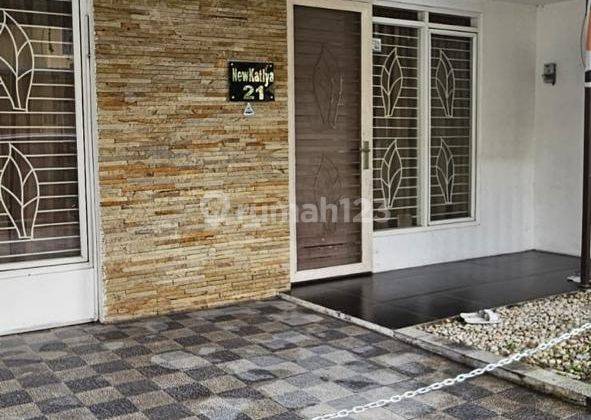 Jual / Sewa Rumah Mewah Dalam Komplek Siap Huni di Kota Medan 2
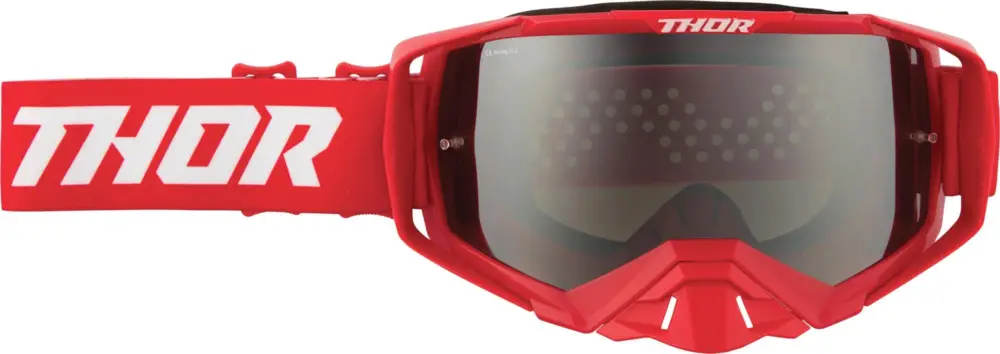 Betaalbaar Thor Activate Mirror Flite Motorcross brillen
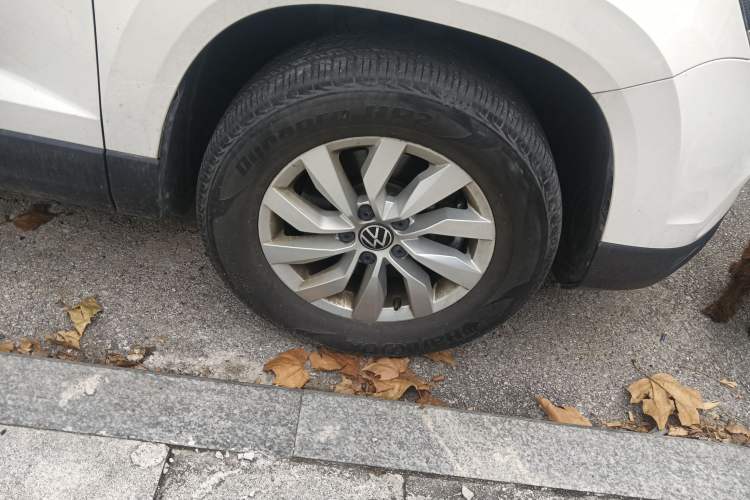 Used Volkswagen Tharu 2022 280TSI Two-Wheel Drive Trend Edition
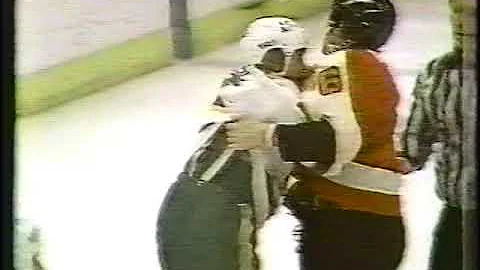 Andre Dupont vs Steve Jensen & Paul Holmgren vs Fr...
※
- About this task
Give the data above back unchanged, except for the pictures.

- Reply to the exercise
 Jual / Sewa Rumah Mewah Dalam Komplek Siap Huni di Kota Medan 2
 Betaalbaar Thor Activate Mirror Flite Motorcross brillen
 Used Volkswagen Tharu 2022 280TSI Two-Wheel Drive Trend Edition
 Andre Dupont vs Steve Jensen & Paul Holmgren vs Fr...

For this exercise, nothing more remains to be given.